Treatment of uterine sarcoma at the University of Florence from 1980-2001.

PURPOSE: To correlate the treatment used in uterine sarcoma with outcome. The prognostic importance of pathology, clinical parameters and treatment are analyzed. PATIENTS AND METHODS: Forty patients (median age, 59 years; range, 37-85) with histologically verified uterine sarcoma were identified from a database compiled at the University of Florence from 1980 to 2001. Patients were followed for a median of 54 months (range, 3 months to 10 years).
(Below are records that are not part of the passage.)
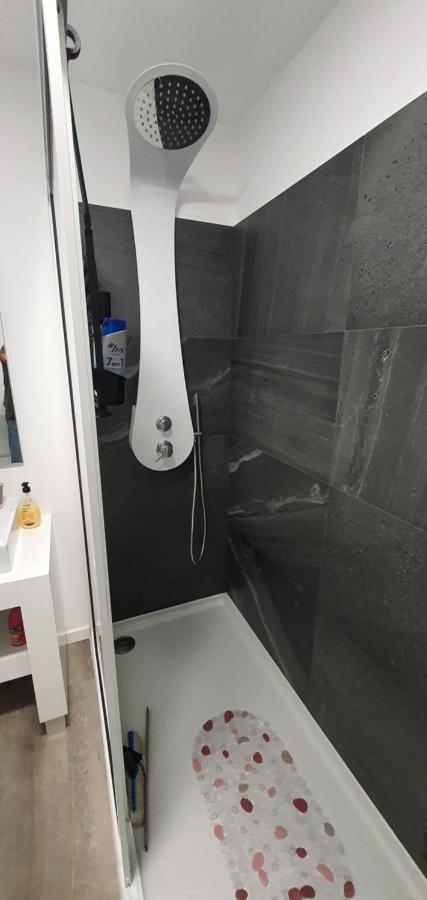 Apartamento T2-5M Aeroporto Cr7 Santa Cruz  Eksteriør billede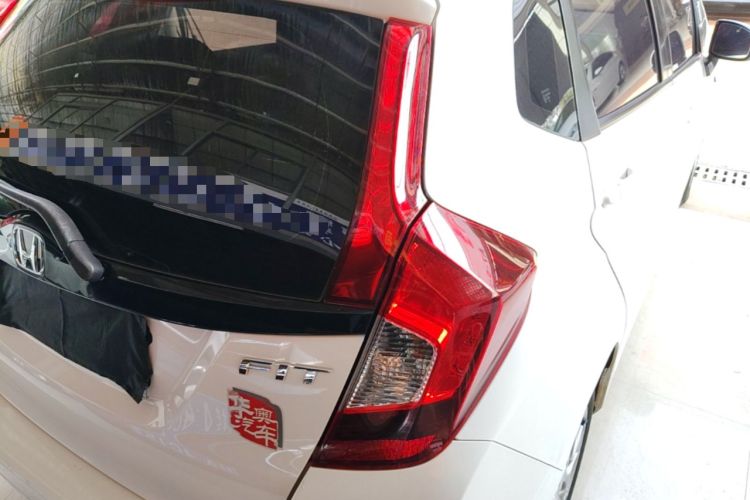 Used Honda Fit 2018 1.5L CVT Comfort Sunroof Version Exterior 3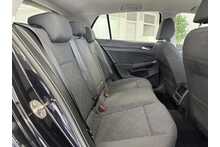 22/72 Volkswagen Golf 2.0 TDI Life Diesel Manual 115 ps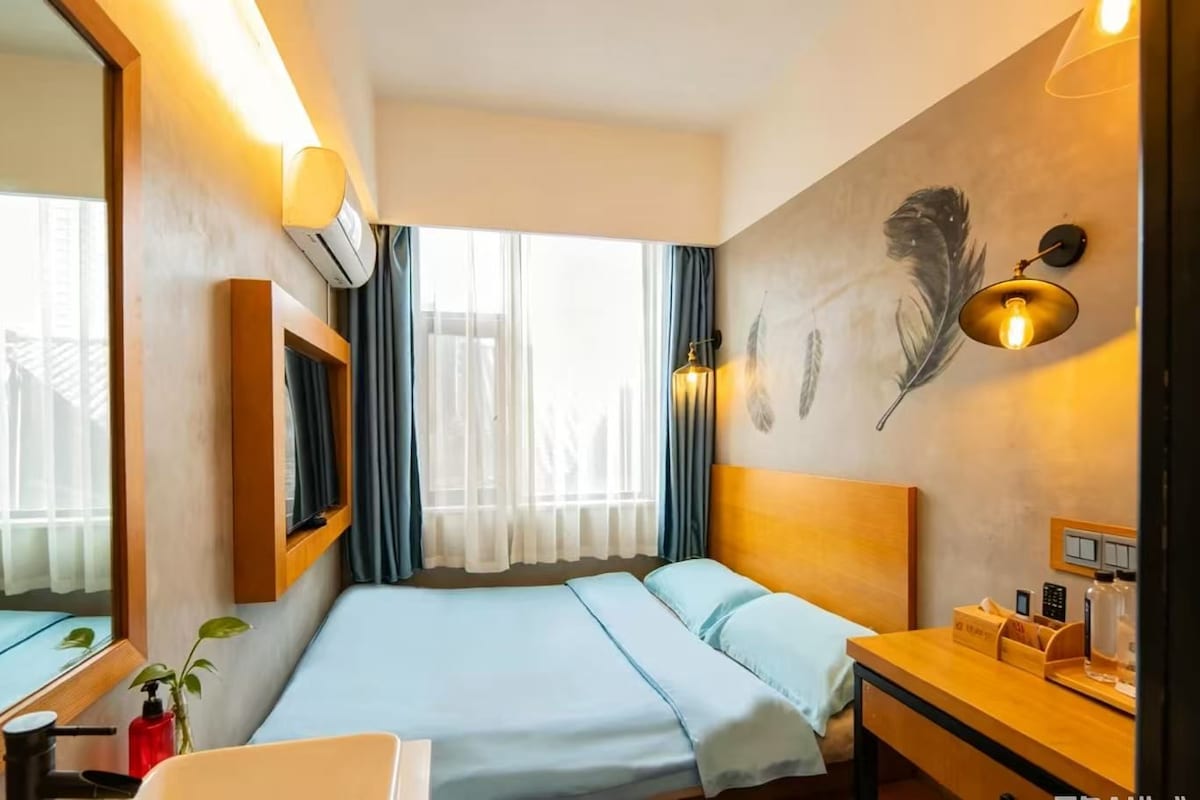 Comfort Single Room, City View | Down duvets, desk, laptop workspace, blackout curtains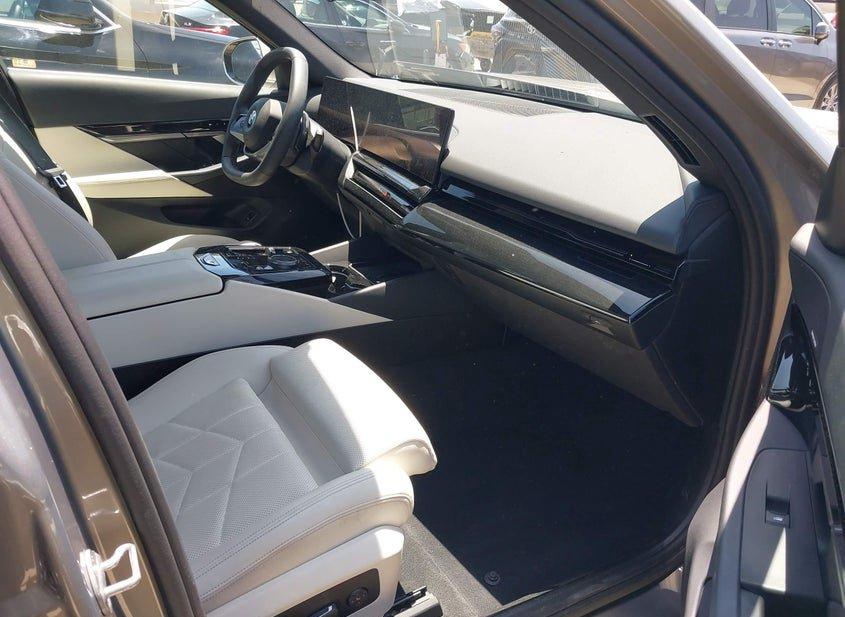 BMW 530I
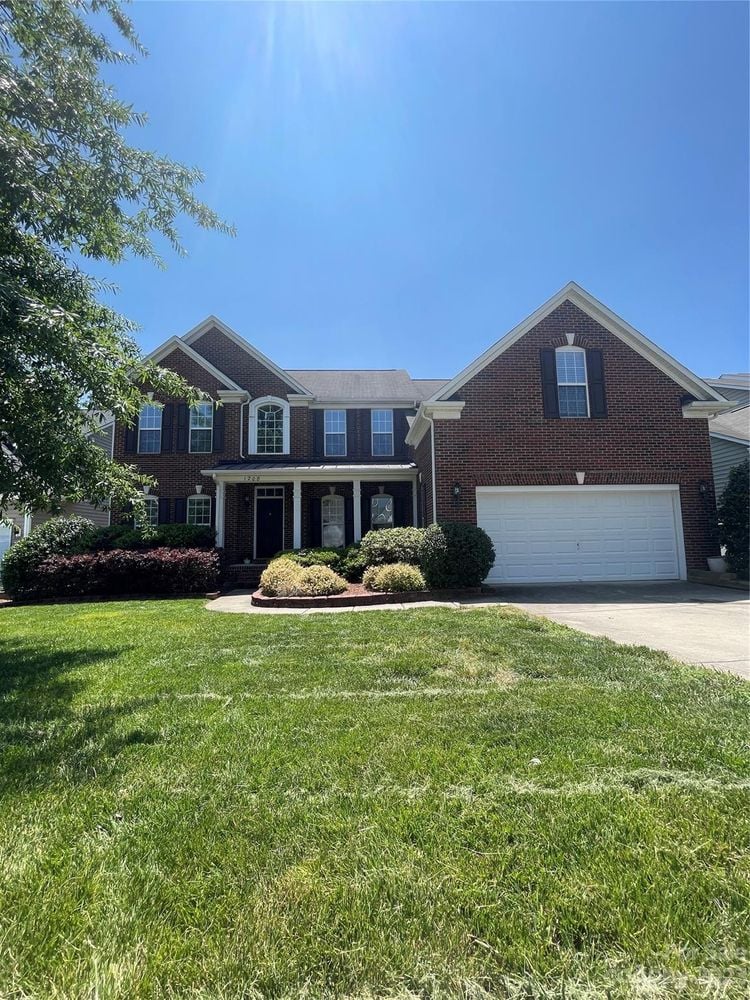 1208 Rockwell View Rd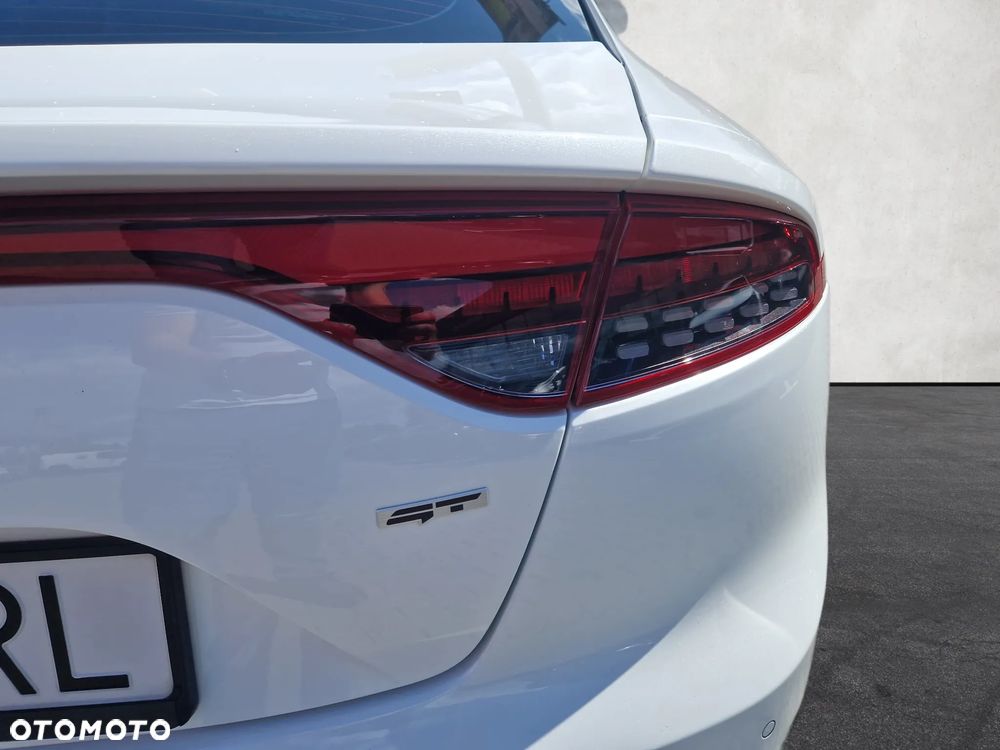 Kia Stinger 3.3 T-GDI V6 GT AWD - 15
Twenty-four patients had leiomyosarcoma, 12 patients had mixed mullerian tumors, and 3 patients had endometrial stromal sarcoma. Stage I, II, III and IV tumors were identified in 22, 2, 9 and 7 patients, respectively. High, intermediate, low and unspecified grade sarcoma occurred in 9, 4, 5 and 22 patients, respectively. RESULTS: At the time of analysis, 58% of patients had died and 42% were alive, with a median survival of 2 years from the initial diagnosis. Cause-specific survival for the entire group was 81%, 41% and 25% at 1, 3 and 5 years, respectively. In our series, univariate analysis for cause-specific survival did not demonstrate statistical significance for histology, grade, stage or age. There appeared to be a significant impact for postoperative radiotherapy in reducing local recurrence with a total dose higher than 50 Gy. CONCLUSIONS: Our data favor treatment for uterine sarcoma with radical surgery plus irradiation, even in elderly patients.